Difficile de croire que Whiplash soit l'œuvre du scénariste du Dernier Exorcisme II et du petit thriller Grand Piano. Et pourtant, en se basant sur son propre court-métrage éponyme, Damien Chazelle réalise ici un tour de force. Nous suivons donc le parcours d'Andrew Neiman, jeune batteur inscrit au Conservatoire de Shaffer, qui va être engagé dans la troupe d'élite de Terence Fletcher, professeur intransigeant réputé pour ses méthodes difficiles et son caractère de tyran. Le rêve devient réalité pour ce musicien de 19 ans qui va découvrir que l'élite exige de nombreux sacrifices...
Personnifié par l'impressionnant Miles Teller (Footloose, 21 & Over), Andrew incarne à la fois la fragilité, la détermination et le passage de l'adolescence vers l'âge adulte. Paumé, solitaire et à part dans une famille qui n'a d'yeux que pour ses cousins footballers, il rêve pourtant d'être le meilleur parmi les meilleurs derrière ses fûts. Son mentor et Némésis, Fletcher (J.K. Simmons, ahurissant Sergent Instructeur Hartman dans le monde de la musique), est quant à lui le salaud qu'on a pas envie de rencontrer même à la boulangerie, le génie à l'oreille absolue mais aux crises incontrôlables, imprévisible et sans pitié, le professeur intransigeant qui va demander à refaire des centaines de fois un passage pour qu'il soit parfait.

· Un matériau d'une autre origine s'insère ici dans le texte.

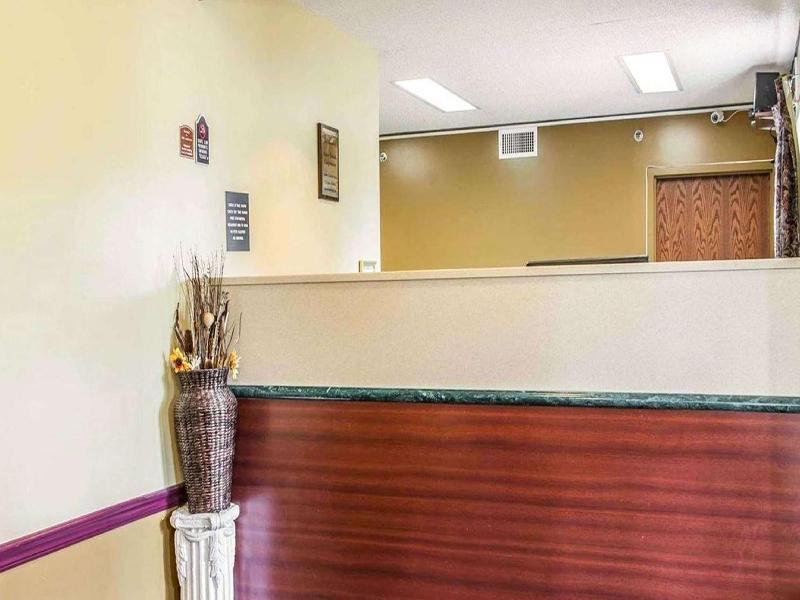 Royal Inn Rockville By Magnuson Worldwide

Dans la peau de cet enfoiré antipathique mais fascinant, l'ex-J. Jonah Jameson est tout simplement bluffant et livre une prestation instantanément ancrée dans les mémoires. Violent, parfois oppressant voire même effrayant, le film nous aspire dans la tourmente que vit progressivement notre jeune héros, forcé de s'exploser les mains pour devenir le batteur de jazz parfait, essuyant les insultes et les déceptions tout en essayant de ne pas sombrer dans la folie.

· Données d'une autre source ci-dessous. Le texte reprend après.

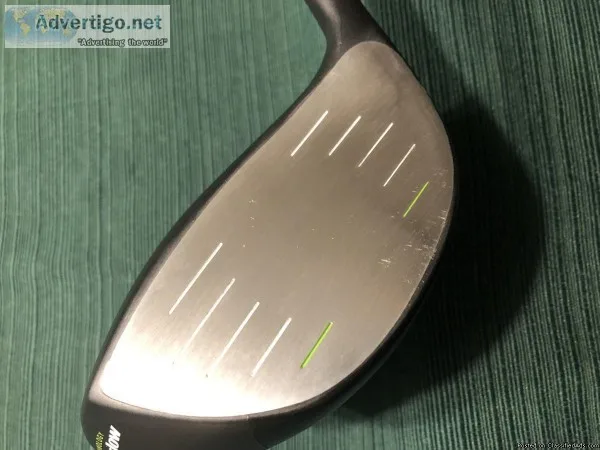 Golf Club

Les apparences de thriller qui voilent le film deviennent évidentes et nous glacent le sang d'une certaine manière, Chazelle filmant au plus près de la batterie et de ses personnages pour instaurer une ambiance pesante rythmée par la décadence et la technicité du jazz. Peu à peu, les termes techniques propres aux musiciens deviennent limpides et l'on oublie que l'on affaire à un film "musical" pour rester scotché à cette confrontation maître-élève des plus terrifiantes. Oui, Whiplash est une œuvre surprenante, originale et maîtrisée, mis en scène avec une grâce inouïe et interprétée à la perfection par des performeurs-acteurs qui frôlent le génie.